Both industries are intrinsically linked due to the fact that the proliferation of short-stay holiday lets in Spain have been pinpointed as one of the chief reasons for rising rents and property prices. 

Compromís MP Alberto Ibáñez, part of the Sumar coalition, has explained that the objective of the pact is a more sustainable tourism model that respects labour rights, cities and housing, including measures such as limiting the number of cruise ships, banning short-haul domestic flights and, last but not least, cancelling golden visas. 

Since Spain's golden visas came into force, around 11,500 have been granted, along with another 20,000 authorisations for family reunification.  

Ibáñez has pointed out that in the Valencian province of Alicante almost one in every two properties that have been purchased recently have been by non-residents, normally so-called “vulture funds” or “very rich people”. 

In this context, Sumar’s proposal is to stop issuing golden visas to foreigners.

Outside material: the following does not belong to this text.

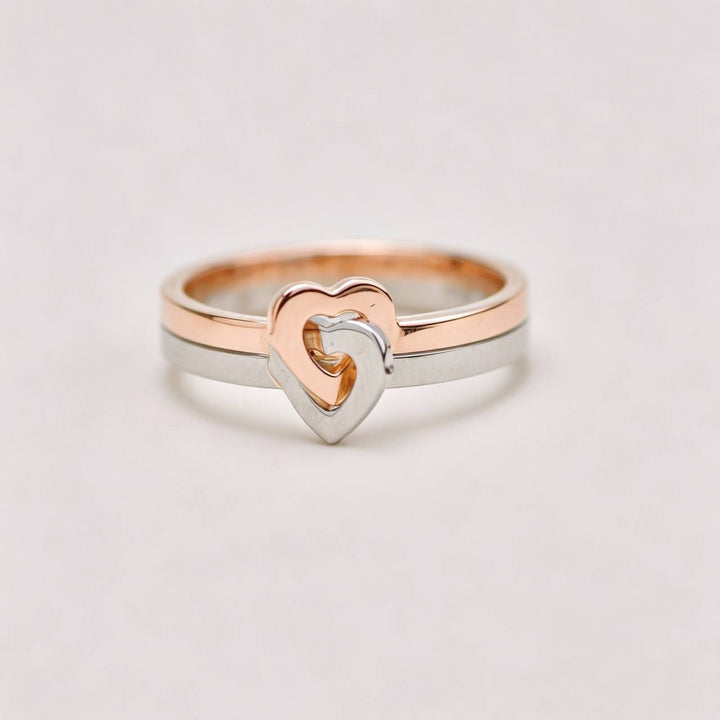 Second Hand Authentic Full set Cartier Double Heart Ring 18K White Rose Gold Size 52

Even though rising interest rates in 2023 has seen a drop in mortgage applications among Spaniards, house sales to foreigners have represented a far higher percentage of the total than ever - 21 percent (67,883 in the first half of 2023) - seen by real estate experts as one of the reasons why the property market is being propped up and prices kept high. 

READ ALSO: Foreigners are paying more than ever for property in Spain

So far the government’s main solution to address the lack of affordable housing in Spain has been to build up to 160,000 social housing units in the coming years, not an immediate solution to the lack of affordable properties to buy or rent

There’s been mountain pressure at a regional and city level to ban or limit short-holiday lets, but millionaire foreign property buyers have not yet been singled out by Pedro Sánchez as a cause of Spain’s housing crisis.

With 31 out of 350 seats in the Spanish Parliament, Sumar will not be able to scrap Spain’s golden visa scheme without the support of Sánchez’s PSOE (121 seats) and other smaller parties that will give any possible legislation an absolute majority. 

At this point, further pressure from the EU appears to be a more likely instigator for the ruling Socialists to pay attention to Sumar’s demands.